Abstract: We investigate various phenomenological schemes for the rapid generation of 3D mock galaxy catalogues with a given power spectrum and bispectrum. We apply the fast bispectrum estimator \MODALLSS{} to these mock galaxy catalogues and compare to $N$-body simulation data analysed with the halo-finder \texttt{ROCKSTAR} (our benchmark data). We propose an assembly bias model for populating parent halos with subhalos by using a joint lognormal-Gaussian probability distribution for the subhalo occupation number and the halo concentration.
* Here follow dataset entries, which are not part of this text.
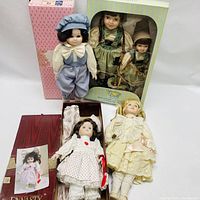 Four porcelain dolls displayed with two original doll boxes, one pink and one red with Dynasty Doll Collection label.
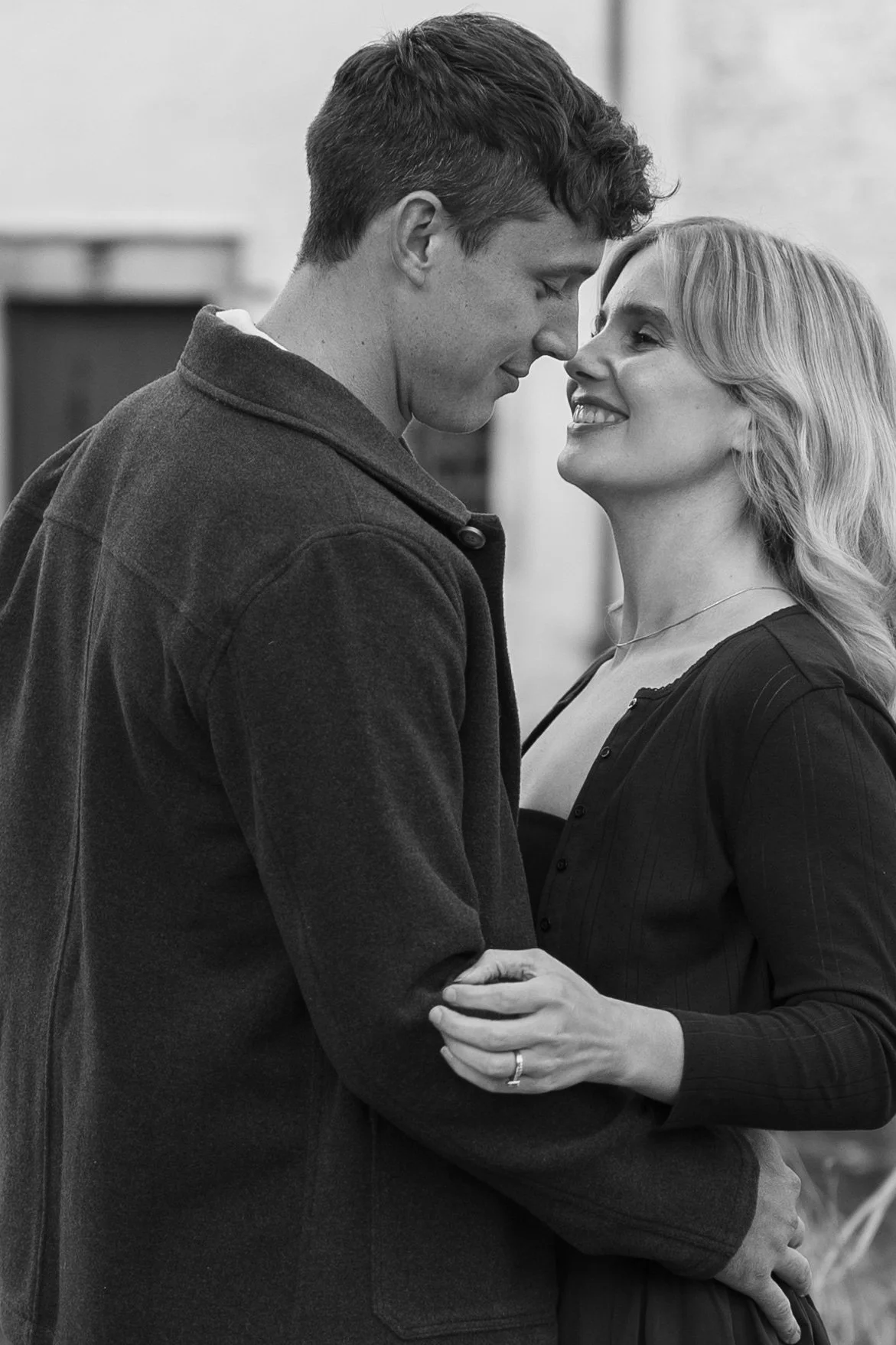 A black and white photo of a young couple standing close together, smiling and about to kiss, with the woman holding the man's arm.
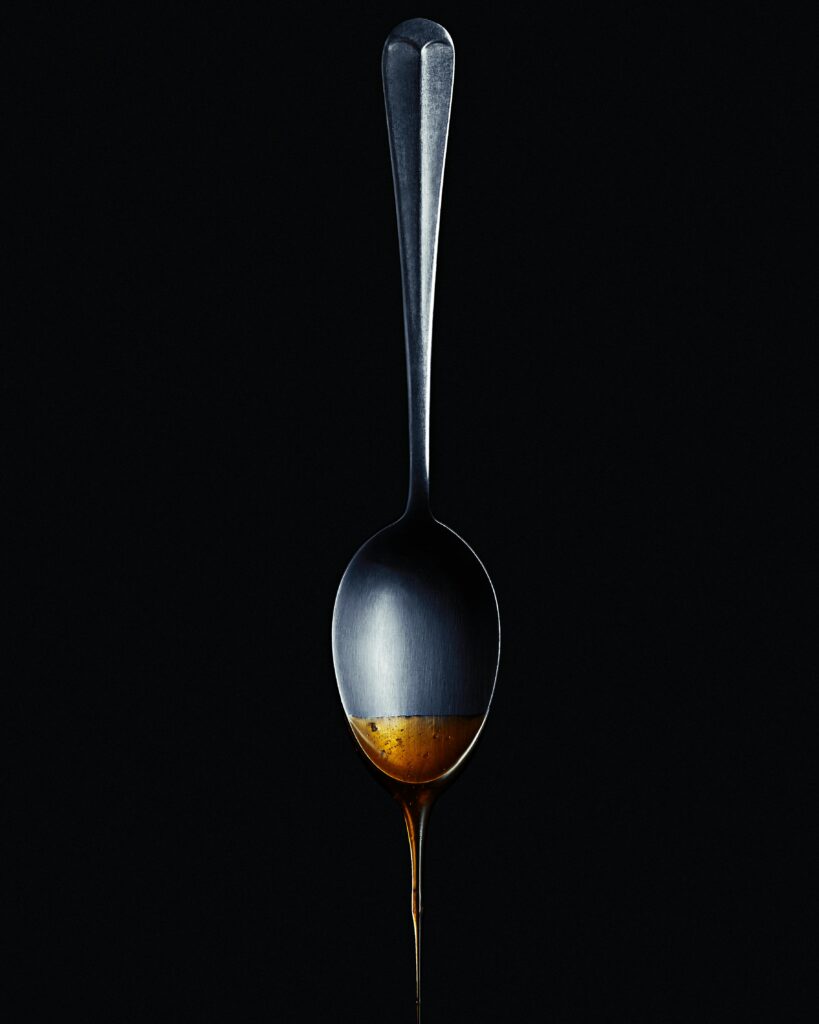 spoon with syrup dripping off of it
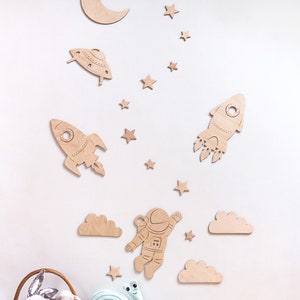 May include: Wooden wall decor featuring a rocket, astronaut, UFO, clouds, moon, and stars. The decor is in a light brown color and is perfect for a child's room.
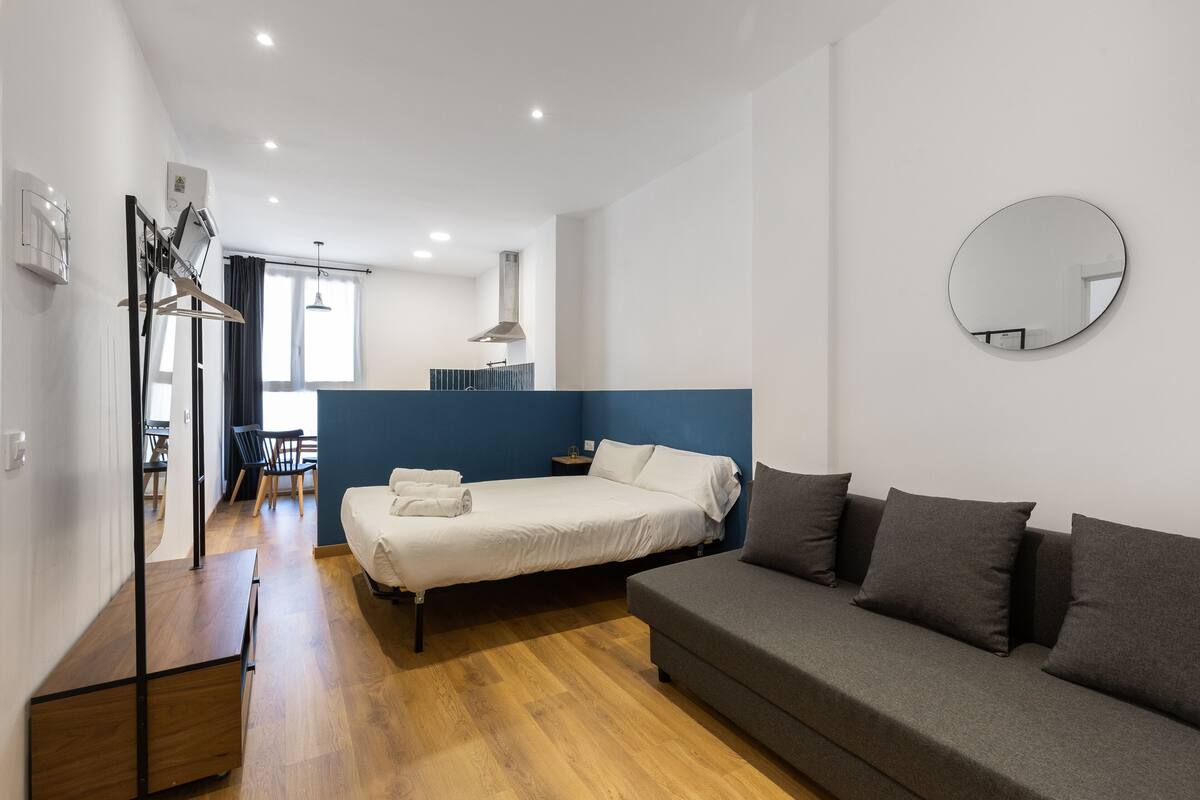 A modern hotel room with a bed, a sofa, a wooden floor, a mirror, and a window.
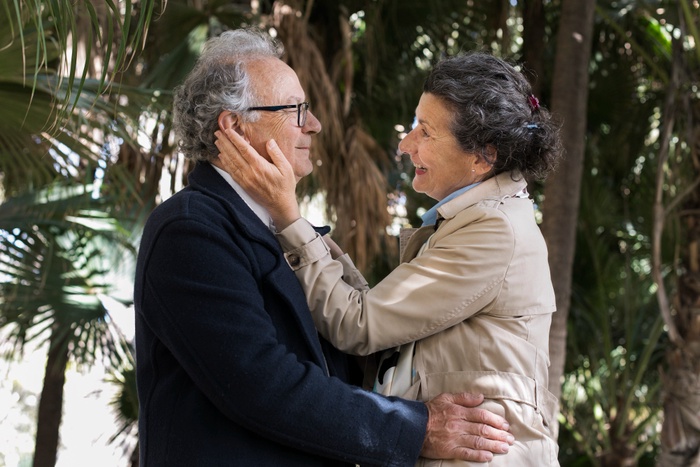 Senior couple sharing an affectionate moment outdoors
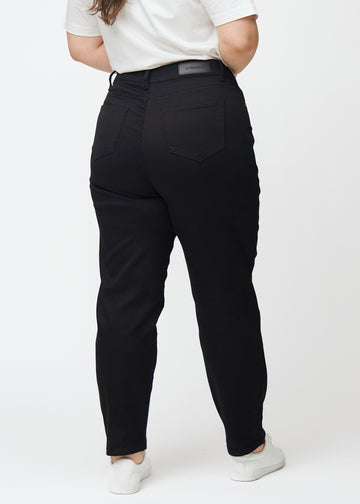 Black high-waisted regular jeans seen from the back on a plus-size model, so the entire product can be seen.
This prescription enabled us to recover the benchmark power spectrum from $N$-body simulations to within 1\% and the bispectrum to within 4\% across the entire range of scales of the simulation. A small further boost adding an extra galaxy to all parent halos above the mass threshold $M>2\times10^{14}\,h^{-1} M_\odot$ obtained a better than 1\% fit to both power spectrum and bispectrum in the range $K/3<1.1\,h\,\text{Mpc}^{-1}$, where $K=k_1+k_2+k_3$. This statistical model should be applicable to fast dark matter codes, allowing rapid generation of mock catalogues which simultaneously reproduce the halo power spectrum and bispectrum obtained from $N$-body simulations. We also investigate alternative schemes using the Halo Occupation Distribution (HOD) which depend only on halo mass, but these yield results deficient in both the power spectrum (2\%) and the bispectrum (>4\%) at $k,K/3 \approx 0.2\,h\,\text{Mpc}^{-1}$, with poor scaling for the latter. Efforts to match the power spectrum by modifying the standard four-parameter HOD model result in overboosting the bispectrum (with a 10\% excess). We also characterise the effect of changing the halo profile on the power spectrum and bispectrum.